- _Task details_: Only the lines from the one containing "Kitchen Knives Every Home Cook Should Own" through the end of the material should be printed, exactly as they appear. Leave out pictures.

====== Raw data

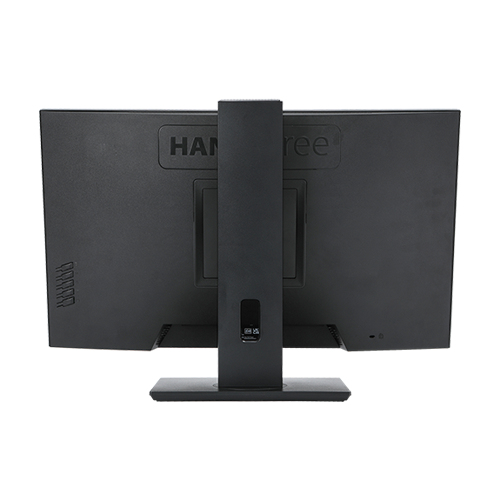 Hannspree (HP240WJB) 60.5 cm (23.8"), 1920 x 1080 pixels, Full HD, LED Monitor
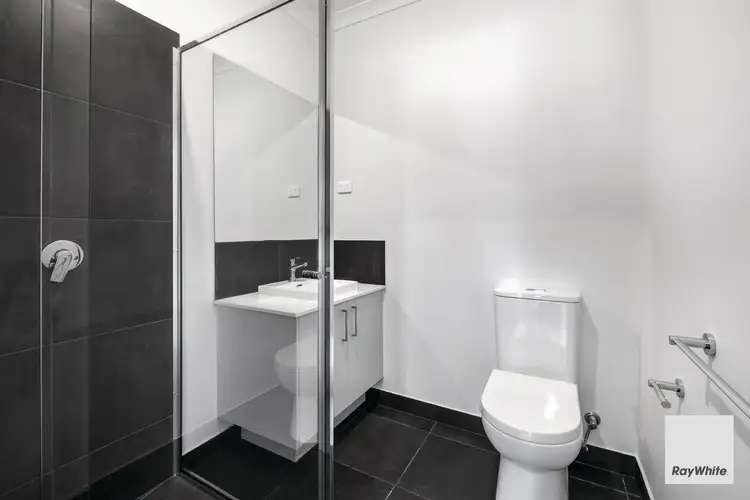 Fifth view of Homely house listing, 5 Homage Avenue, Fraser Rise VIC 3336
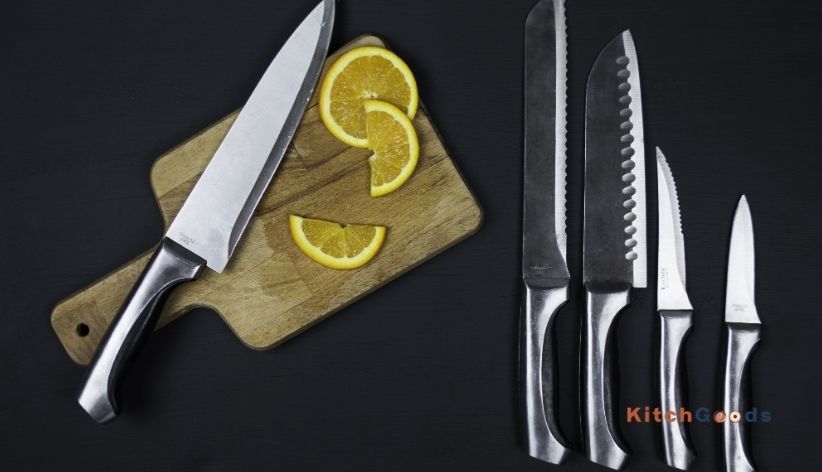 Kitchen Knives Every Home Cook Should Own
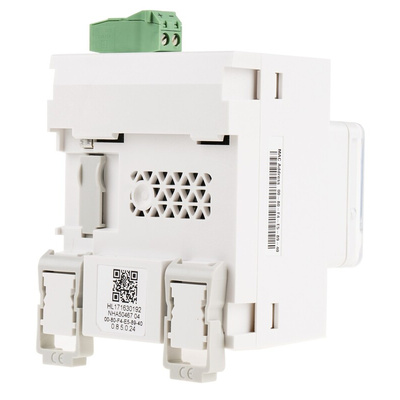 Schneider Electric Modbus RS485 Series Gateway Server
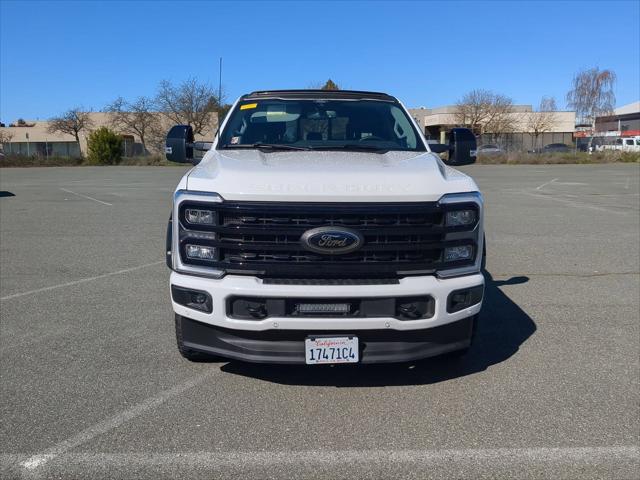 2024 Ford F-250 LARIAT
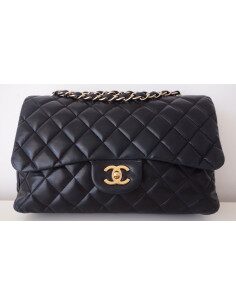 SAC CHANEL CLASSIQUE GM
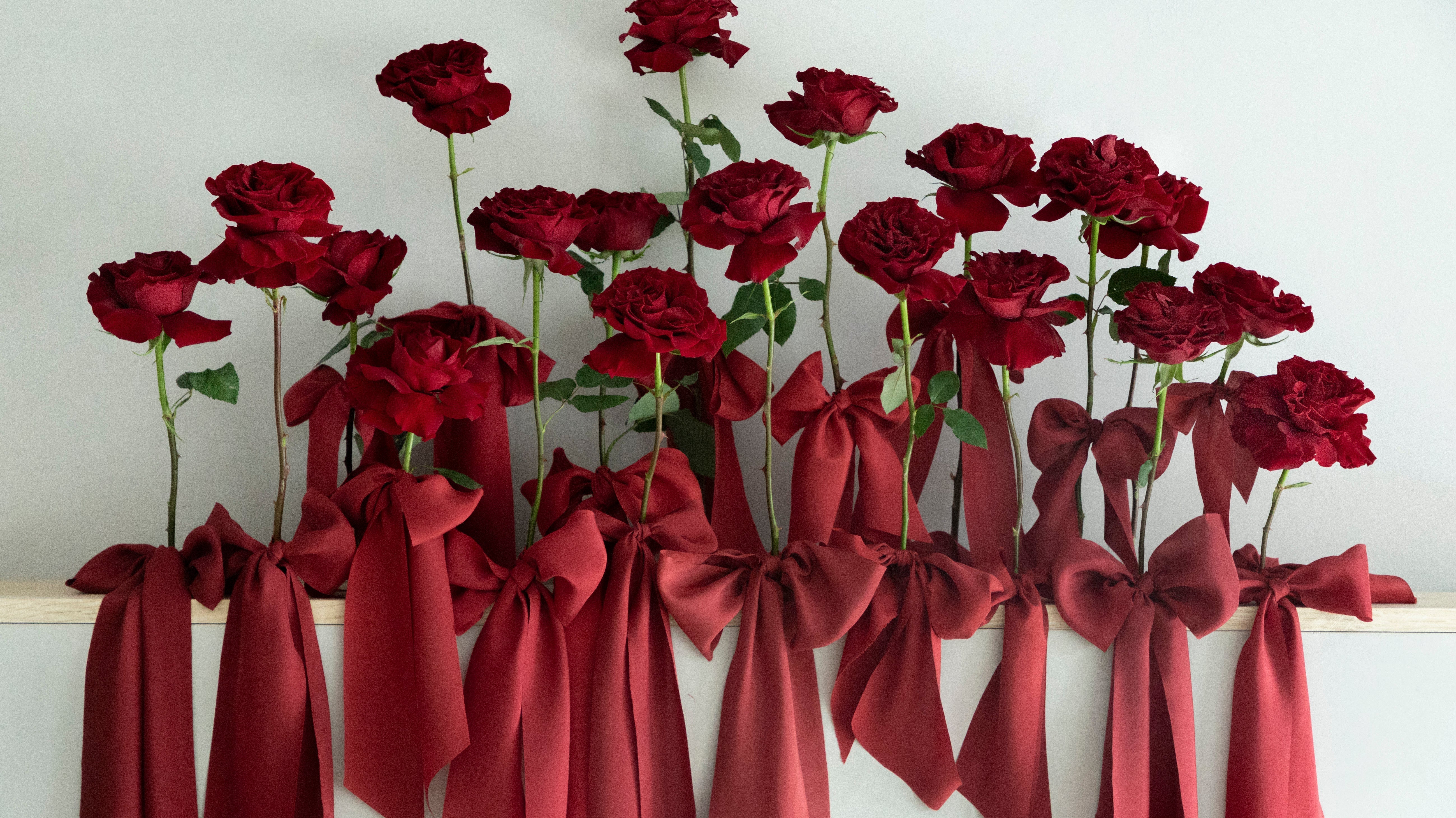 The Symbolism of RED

============

- _Solution_:
 Kitchen Knives Every Home Cook Should Own
 Schneider Electric Modbus RS485 Series Gateway Server
 2024 Ford F-250 LARIAT
 SAC CHANEL CLASSIQUE GM
 The Symbolism of RED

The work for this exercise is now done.